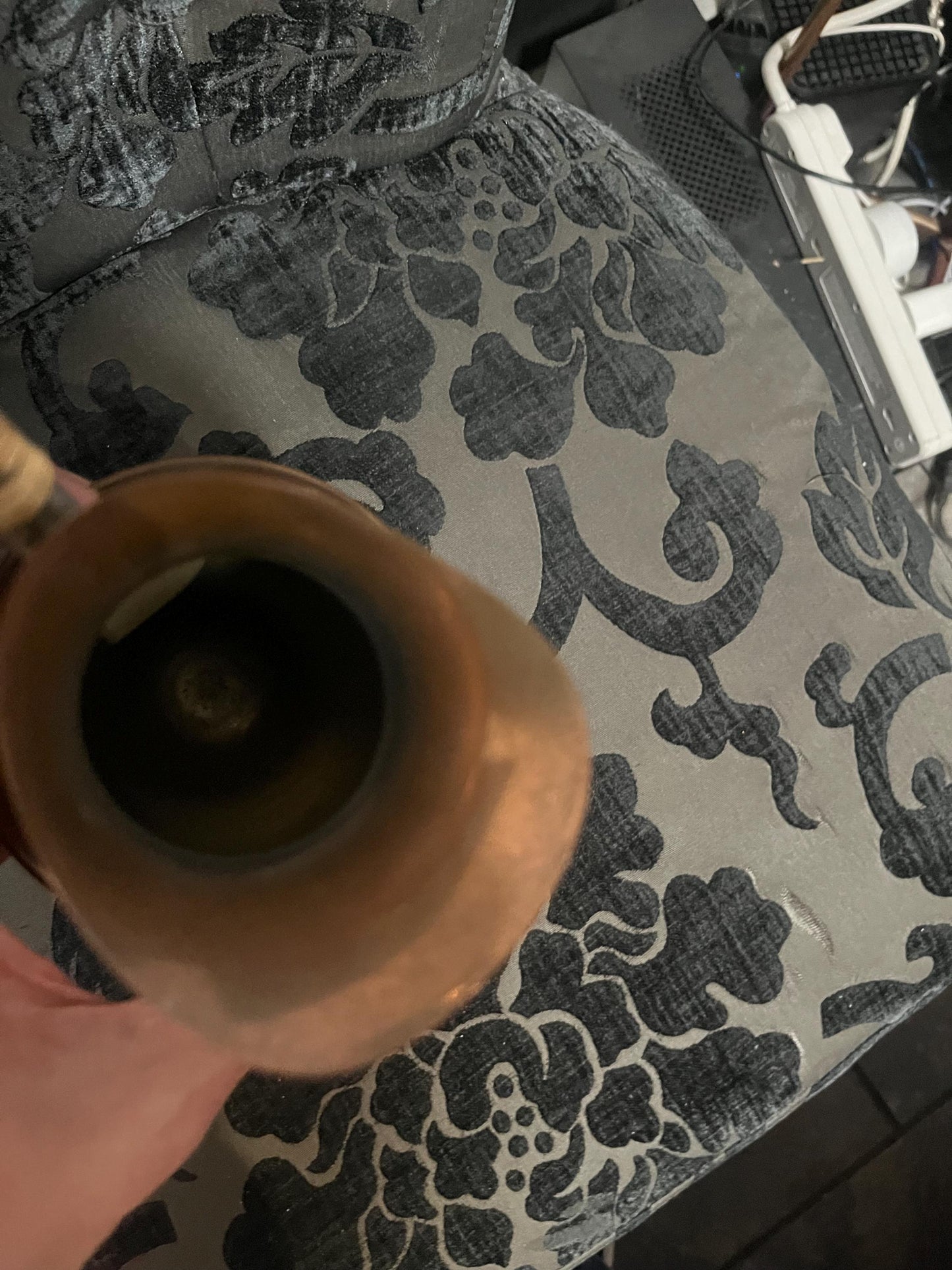 9 inch high old Flemish Copper jug with rattan handle  great condition  great gift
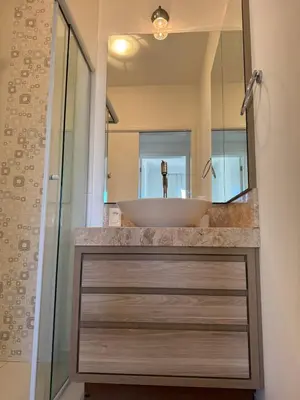 Uma casa de banho em Charmoso e confortável apê na praia de Palmas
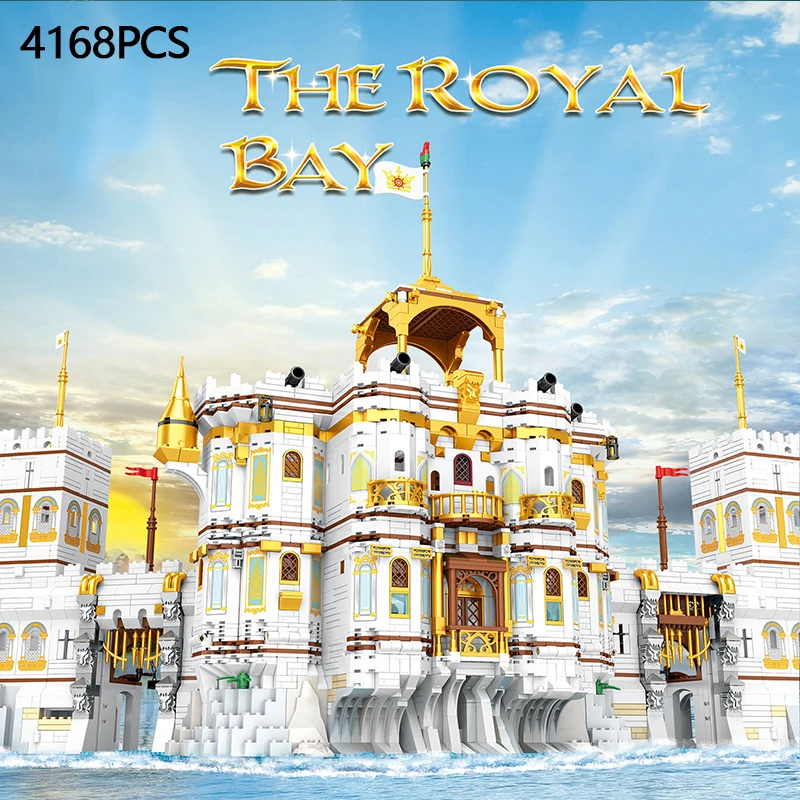 

4168PCS Royal Bay Castle Building Blocks Medieval Vintage City Scape Construction Model Bricks Toys Creative Gifts for Children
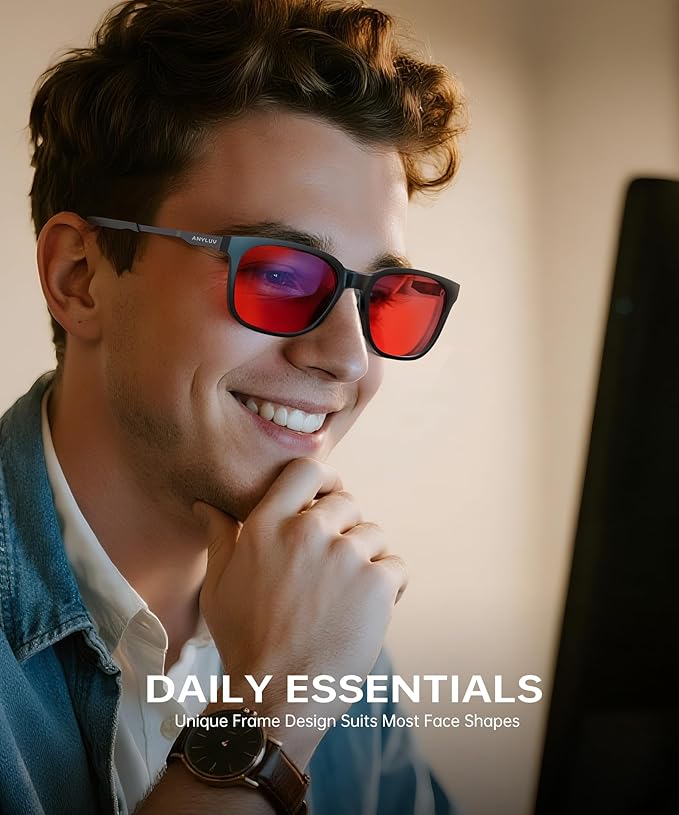 ANYLUV Blue Light Glasses for Men, Computer Gaming Glasses men, Stylish Anti Eyestrain Blue Light Blocking Glasses Men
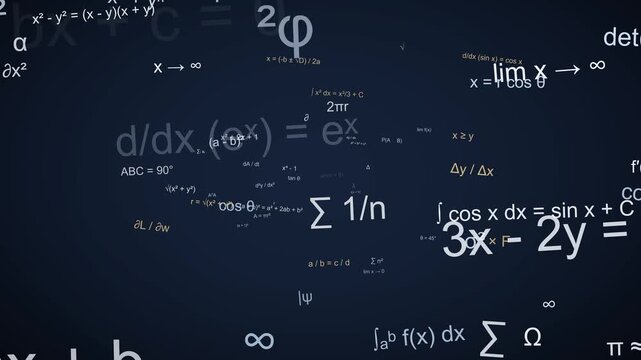 Mathematical Equations and Symbols Flythrough Seamless Loop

• [WORK ITEM] Reproduce the listing above exactly, without a single picture.

• [OUTPUT BELOW]
 9 inch high old Flemish Copper jug with rattan handle  great condition  great gift
 Uma casa de banho em Charmoso e confortável apê na praia de Palmas

4168PCS Royal Bay Castle Building Blocks Medieval Vintage City Scape Construction Model Bricks Toys Creative Gifts for Children
 ANYLUV Blue Light Glasses for Men, Computer Gaming Glasses men, Stylish Anti Eyestrain Blue Light Blocking Glasses Men
 Mathematical Equations and Symbols Flythrough Seamless Loop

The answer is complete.